PROBLEM REQUIREMENTS →
The number of lines in the records that include "with" is all you should give.

BEGIN EXCERPTED DATA

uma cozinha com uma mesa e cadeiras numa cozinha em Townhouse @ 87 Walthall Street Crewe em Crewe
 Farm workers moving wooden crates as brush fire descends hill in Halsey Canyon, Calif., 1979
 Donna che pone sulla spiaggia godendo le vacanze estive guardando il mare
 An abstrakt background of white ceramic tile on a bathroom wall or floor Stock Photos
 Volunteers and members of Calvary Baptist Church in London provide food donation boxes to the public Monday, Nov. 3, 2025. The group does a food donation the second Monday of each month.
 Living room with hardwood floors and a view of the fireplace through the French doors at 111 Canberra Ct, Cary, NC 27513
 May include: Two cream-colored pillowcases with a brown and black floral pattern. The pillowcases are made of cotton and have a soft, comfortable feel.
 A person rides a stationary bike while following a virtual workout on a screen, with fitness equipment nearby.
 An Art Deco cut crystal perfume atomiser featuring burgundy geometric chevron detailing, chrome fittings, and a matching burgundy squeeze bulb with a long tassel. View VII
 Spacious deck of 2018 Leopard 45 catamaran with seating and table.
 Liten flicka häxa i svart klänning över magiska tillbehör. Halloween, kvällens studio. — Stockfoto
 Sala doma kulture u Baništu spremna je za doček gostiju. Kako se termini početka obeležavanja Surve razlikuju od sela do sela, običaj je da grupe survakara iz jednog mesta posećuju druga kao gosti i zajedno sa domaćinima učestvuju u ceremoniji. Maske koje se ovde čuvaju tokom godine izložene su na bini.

END EXCERPTED DATA

WRITTEN ANSWER →
5